Pick each line containing the word "Premium" out of the data below.

# Extracted data entries
==========

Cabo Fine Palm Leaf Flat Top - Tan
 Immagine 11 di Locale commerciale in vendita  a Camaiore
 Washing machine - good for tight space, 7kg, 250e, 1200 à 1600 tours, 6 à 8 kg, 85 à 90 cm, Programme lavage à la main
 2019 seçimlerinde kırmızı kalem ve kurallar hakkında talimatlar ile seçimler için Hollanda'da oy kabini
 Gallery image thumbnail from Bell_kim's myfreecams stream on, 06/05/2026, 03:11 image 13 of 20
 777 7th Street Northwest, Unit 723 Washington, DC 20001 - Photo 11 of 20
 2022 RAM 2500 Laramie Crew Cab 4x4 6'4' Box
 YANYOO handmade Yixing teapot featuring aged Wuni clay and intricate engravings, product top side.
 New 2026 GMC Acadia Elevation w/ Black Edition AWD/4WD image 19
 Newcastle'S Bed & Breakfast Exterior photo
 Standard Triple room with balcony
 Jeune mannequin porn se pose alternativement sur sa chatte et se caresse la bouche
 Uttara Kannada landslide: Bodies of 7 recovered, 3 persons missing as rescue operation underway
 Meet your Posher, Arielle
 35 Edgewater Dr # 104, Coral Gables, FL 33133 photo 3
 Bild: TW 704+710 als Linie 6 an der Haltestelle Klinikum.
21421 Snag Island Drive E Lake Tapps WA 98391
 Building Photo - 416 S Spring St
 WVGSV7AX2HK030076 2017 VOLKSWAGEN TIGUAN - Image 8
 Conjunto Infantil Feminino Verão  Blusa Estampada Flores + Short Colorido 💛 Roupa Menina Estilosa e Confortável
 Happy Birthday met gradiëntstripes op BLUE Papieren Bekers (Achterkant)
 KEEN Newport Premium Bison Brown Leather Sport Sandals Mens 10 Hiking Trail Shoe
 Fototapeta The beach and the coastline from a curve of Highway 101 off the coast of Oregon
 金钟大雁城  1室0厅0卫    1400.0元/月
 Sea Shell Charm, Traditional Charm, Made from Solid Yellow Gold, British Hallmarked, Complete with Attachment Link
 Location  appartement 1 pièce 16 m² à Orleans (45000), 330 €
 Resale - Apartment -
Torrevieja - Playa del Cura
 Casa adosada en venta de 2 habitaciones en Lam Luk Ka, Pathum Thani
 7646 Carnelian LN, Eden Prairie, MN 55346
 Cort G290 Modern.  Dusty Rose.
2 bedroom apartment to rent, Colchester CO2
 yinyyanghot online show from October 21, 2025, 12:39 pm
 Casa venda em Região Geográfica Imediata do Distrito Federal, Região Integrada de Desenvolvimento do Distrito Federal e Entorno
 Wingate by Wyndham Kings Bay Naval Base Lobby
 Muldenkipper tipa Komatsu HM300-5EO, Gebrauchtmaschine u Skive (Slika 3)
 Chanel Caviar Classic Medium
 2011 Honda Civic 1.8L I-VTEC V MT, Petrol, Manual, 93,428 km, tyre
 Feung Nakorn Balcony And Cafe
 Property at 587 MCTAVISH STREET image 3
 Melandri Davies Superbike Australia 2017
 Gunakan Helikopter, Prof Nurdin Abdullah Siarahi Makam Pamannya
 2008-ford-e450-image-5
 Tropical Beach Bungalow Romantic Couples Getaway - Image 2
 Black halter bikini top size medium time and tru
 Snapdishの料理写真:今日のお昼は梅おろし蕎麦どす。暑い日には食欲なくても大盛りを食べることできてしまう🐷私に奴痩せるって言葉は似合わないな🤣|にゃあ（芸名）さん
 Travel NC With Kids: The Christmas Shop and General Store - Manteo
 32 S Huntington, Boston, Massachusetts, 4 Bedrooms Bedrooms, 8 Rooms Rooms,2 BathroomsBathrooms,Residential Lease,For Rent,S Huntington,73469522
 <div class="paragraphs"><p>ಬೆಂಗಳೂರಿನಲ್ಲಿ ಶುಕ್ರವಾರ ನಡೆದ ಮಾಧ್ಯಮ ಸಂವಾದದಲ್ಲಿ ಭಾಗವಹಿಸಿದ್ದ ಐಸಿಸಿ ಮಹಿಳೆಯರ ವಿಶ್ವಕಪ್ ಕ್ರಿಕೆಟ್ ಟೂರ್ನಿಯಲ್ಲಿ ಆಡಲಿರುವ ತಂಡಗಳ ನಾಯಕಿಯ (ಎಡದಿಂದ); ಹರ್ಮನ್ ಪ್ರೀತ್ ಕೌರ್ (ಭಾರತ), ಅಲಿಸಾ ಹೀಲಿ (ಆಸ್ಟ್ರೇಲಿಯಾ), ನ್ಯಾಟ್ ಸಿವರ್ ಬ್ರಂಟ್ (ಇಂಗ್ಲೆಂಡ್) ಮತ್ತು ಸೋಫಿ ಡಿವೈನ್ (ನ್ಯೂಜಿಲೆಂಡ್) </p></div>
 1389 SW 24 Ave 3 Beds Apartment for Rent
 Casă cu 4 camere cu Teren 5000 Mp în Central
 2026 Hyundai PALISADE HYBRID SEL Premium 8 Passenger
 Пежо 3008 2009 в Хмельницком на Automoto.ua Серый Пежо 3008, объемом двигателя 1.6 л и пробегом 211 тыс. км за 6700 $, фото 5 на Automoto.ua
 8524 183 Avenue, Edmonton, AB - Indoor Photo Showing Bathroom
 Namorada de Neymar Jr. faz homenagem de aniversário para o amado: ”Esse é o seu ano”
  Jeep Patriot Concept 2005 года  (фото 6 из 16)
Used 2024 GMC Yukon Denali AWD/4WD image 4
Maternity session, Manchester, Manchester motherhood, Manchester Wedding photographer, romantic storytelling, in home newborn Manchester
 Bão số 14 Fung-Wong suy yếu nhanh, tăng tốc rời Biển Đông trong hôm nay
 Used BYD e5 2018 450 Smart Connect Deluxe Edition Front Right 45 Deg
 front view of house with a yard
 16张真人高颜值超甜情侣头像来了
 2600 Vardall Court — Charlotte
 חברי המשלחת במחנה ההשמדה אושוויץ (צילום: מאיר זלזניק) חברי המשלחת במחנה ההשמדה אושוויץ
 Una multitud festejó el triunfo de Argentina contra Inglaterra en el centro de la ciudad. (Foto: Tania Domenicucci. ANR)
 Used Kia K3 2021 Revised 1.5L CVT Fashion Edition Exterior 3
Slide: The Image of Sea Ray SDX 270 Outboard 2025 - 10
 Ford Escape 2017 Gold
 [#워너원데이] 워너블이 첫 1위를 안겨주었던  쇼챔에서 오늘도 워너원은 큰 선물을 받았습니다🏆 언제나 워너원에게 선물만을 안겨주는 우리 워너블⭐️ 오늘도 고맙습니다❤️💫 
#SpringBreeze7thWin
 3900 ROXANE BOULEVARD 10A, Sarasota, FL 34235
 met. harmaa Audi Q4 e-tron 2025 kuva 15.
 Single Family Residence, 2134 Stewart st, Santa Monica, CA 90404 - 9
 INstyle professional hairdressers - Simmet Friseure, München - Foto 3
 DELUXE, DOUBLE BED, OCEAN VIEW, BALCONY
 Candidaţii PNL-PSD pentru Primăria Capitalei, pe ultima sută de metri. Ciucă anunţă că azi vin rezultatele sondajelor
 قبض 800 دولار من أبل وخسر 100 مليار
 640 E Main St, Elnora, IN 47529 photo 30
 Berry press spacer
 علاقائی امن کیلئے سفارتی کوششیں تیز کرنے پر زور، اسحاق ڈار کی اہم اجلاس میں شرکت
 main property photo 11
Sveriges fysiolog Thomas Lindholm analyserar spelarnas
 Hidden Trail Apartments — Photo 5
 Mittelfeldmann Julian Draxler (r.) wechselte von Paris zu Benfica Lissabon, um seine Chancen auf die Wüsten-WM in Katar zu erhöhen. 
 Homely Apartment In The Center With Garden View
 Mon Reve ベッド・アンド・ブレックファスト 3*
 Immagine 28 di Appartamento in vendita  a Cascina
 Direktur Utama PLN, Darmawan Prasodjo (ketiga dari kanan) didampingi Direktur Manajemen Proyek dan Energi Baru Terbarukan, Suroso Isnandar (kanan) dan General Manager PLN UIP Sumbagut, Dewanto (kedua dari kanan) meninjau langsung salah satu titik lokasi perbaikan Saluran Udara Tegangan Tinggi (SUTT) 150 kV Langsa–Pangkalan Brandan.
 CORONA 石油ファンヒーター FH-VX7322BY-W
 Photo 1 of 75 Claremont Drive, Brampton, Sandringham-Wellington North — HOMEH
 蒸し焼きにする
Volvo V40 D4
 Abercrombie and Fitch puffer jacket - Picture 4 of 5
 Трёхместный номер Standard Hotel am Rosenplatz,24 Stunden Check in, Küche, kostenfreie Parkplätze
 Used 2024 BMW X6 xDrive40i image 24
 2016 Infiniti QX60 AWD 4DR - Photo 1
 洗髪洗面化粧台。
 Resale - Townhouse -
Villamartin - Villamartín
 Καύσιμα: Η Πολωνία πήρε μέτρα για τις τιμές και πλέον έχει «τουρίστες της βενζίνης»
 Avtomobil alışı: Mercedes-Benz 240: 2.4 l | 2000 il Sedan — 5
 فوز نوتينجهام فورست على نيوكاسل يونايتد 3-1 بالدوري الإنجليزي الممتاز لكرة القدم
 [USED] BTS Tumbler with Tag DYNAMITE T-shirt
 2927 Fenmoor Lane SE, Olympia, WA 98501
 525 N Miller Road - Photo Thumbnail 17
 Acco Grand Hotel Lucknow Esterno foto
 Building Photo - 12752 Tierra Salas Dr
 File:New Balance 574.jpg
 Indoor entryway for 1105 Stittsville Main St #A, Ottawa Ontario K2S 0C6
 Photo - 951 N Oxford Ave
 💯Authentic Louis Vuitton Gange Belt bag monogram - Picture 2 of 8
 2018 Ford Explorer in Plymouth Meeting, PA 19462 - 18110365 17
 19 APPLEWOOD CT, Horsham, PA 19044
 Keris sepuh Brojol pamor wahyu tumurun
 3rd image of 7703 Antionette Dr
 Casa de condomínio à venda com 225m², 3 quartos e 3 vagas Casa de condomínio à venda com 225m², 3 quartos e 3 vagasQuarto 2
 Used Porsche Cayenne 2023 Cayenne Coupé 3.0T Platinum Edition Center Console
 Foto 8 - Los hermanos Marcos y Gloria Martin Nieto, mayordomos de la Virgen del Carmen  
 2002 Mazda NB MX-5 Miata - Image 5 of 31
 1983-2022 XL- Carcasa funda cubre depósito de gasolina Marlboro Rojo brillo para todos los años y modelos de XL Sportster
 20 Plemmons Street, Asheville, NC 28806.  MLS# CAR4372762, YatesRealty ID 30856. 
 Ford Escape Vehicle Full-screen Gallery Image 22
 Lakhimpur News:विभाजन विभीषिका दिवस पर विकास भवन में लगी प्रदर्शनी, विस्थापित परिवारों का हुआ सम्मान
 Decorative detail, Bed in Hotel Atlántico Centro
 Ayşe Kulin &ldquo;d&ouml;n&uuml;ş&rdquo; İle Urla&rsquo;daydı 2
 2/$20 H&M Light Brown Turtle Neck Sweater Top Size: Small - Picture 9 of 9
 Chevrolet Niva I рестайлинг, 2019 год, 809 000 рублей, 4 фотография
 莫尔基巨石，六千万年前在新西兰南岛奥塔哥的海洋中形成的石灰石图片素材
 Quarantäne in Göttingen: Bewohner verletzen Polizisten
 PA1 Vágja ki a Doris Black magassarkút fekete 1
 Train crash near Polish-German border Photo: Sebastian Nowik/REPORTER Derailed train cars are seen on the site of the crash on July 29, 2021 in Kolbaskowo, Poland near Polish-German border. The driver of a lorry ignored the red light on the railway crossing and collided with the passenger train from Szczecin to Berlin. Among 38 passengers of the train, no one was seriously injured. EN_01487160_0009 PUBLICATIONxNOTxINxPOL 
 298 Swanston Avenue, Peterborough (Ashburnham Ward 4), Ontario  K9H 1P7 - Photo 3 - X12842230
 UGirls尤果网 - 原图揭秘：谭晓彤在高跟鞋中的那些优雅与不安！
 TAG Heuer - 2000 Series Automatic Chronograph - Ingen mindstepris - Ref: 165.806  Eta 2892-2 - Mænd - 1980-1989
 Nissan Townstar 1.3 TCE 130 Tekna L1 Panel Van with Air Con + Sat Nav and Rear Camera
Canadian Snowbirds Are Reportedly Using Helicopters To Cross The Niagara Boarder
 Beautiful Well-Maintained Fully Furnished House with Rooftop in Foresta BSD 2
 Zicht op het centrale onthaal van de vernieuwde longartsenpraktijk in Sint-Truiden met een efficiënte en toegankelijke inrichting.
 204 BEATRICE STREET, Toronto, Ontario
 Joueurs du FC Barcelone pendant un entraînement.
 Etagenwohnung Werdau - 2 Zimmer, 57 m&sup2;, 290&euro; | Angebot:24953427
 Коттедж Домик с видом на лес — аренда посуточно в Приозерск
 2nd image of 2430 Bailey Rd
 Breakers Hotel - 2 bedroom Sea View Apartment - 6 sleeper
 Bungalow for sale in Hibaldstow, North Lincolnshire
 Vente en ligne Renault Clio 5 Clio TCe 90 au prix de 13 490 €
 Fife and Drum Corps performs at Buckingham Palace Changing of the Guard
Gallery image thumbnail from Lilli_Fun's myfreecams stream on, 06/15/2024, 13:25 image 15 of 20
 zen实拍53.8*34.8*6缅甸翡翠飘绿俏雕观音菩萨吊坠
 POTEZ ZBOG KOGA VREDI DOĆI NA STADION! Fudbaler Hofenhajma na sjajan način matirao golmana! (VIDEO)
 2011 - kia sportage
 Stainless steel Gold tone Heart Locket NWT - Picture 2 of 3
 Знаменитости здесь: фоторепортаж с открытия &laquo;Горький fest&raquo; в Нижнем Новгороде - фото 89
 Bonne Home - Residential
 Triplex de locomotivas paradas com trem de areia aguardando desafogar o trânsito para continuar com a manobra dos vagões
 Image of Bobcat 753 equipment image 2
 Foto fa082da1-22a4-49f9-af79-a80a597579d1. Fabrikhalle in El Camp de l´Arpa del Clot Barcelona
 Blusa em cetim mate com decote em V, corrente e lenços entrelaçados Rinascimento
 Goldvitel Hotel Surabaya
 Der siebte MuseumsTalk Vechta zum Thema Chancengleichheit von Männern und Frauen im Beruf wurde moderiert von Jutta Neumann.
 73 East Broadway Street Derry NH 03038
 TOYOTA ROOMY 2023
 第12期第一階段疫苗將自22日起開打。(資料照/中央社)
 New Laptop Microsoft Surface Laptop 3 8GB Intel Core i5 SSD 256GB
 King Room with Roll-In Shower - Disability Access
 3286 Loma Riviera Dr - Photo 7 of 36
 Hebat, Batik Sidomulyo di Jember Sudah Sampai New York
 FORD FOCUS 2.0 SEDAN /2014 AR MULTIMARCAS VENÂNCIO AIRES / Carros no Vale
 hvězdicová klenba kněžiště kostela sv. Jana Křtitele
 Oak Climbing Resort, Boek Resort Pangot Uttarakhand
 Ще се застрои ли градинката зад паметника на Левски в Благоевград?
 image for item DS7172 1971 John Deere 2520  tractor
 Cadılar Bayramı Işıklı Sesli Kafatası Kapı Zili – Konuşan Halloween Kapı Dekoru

==========

# RESPONSE TO THE EXERCISE
 KEEN Newport Premium Bison Brown Leather Sport Sandals Mens 10 Hiking Trail Shoe
 2026 Hyundai PALISADE HYBRID SEL Premium 8 Passenger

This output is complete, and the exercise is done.